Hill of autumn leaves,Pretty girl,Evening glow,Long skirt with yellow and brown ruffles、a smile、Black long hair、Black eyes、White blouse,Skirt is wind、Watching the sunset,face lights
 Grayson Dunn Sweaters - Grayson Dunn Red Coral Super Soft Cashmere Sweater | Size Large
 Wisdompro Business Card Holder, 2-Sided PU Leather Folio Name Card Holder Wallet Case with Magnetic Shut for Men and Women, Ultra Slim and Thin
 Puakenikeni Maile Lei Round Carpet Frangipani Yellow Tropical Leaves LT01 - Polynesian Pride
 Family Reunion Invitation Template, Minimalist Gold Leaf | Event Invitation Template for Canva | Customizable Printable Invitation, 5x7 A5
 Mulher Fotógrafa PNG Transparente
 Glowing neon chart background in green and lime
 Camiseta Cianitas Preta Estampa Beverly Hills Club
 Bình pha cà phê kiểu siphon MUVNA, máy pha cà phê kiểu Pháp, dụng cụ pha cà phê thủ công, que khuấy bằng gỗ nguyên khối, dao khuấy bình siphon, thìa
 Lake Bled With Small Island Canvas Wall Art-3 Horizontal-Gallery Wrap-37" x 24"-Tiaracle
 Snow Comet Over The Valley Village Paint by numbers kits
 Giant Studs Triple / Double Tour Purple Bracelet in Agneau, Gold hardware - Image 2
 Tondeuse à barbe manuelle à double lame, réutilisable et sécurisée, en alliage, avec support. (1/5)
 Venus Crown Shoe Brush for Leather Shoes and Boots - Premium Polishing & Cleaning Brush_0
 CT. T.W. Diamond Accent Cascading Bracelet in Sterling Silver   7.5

__What is being asked__:
Return the records exactly, every line included.

__Written response__:
Hill of autumn leaves,Pretty girl,Evening glow,Long skirt with yellow and brown ruffles、a smile、Black long hair、Black eyes、White blouse,Skirt is wind、Watching the sunset,face lights
 Grayson Dunn Sweaters - Grayson Dunn Red Coral Super Soft Cashmere Sweater | Size Large
 Wisdompro Business Card Holder, 2-Sided PU Leather Folio Name Card Holder Wallet Case with Magnetic Shut for Men and Women, Ultra Slim and Thin
 Puakenikeni Maile Lei Round Carpet Frangipani Yellow Tropical Leaves LT01 - Polynesian Pride
 Family Reunion Invitation Template, Minimalist Gold Leaf | Event Invitation Template for Canva | Customizable Printable Invitation, 5x7 A5
 Mulher Fotógrafa PNG Transparente
 Glowing neon chart background in green and lime
 Camiseta Cianitas Preta Estampa Beverly Hills Club
 Bình pha cà phê kiểu siphon MUVNA, máy pha cà phê kiểu Pháp, dụng cụ pha cà phê thủ công, que khuấy bằng gỗ nguyên khối, dao khuấy bình siphon, thìa
 Lake Bled With Small Island Canvas Wall Art-3 Horizontal-Gallery Wrap-37" x 24"-Tiaracle
 Snow Comet Over The Valley Village Paint by numbers kits
 Giant Studs Triple / Double Tour Purple Bracelet in Agneau, Gold hardware - Image 2
 Tondeuse à barbe manuelle à double lame, réutilisable et sécurisée, en alliage, avec support. (1/5)
 Venus Crown Shoe Brush for Leather Shoes and Boots - Premium Polishing & Cleaning Brush_0
 CT. T.W. Diamond Accent Cascading Bracelet in Sterling Silver   7.5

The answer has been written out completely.